Uber English also kicked off for the 2016 Olympics pairing tourists with drivers who know the language. Even though by virtue of the app’s nature that isn’t overly necessary it’s a nice touch for visitors to a new country, especially one with so many safety concerns as Brazil. If it was left up to the largely monolingual, technology-stunted taxi industry to help the country’s tourism industry beyond the bare minimum door to door drop off, well, don’t expect much. It’s the same story around the world.

Uber is now in 570 cities and since it bowed out from China last year Brazil has become even more important to its success. In India its battle against bank-backed Ola has been more difficult than against Brazil’s less-established rivals like Cabify, 99 and Easy Go which pale in comparison to the American company's dominance. 99 says it has 6 million users and Cabify 1 million but I rarely see them used, let alone mentioned in pop culture.

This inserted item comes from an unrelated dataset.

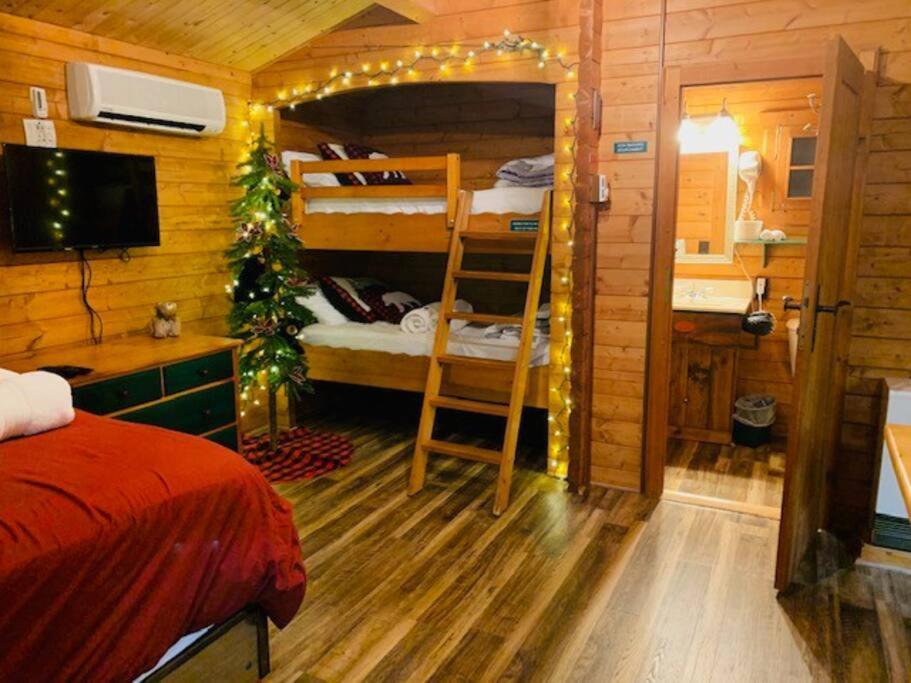Honeybear Hideaway Cabin Hayward Exterior foto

No doubt there are many good, honest taxi drivers, but sadly the industry’s archaic nature means the people they need the most, their customers, are open to being ripped off. Uber largely defeats this while bringing so many other benefits that for many it's a no-brainer to use it.

I would have taken more than 50 Uber trips in Brazil with no complaints, just a lot of awesome, semi-struggling conversations practicing my Portuguese from the backseat, Portuguese which is now good enough that I won't allow myself to be taken for a ride again.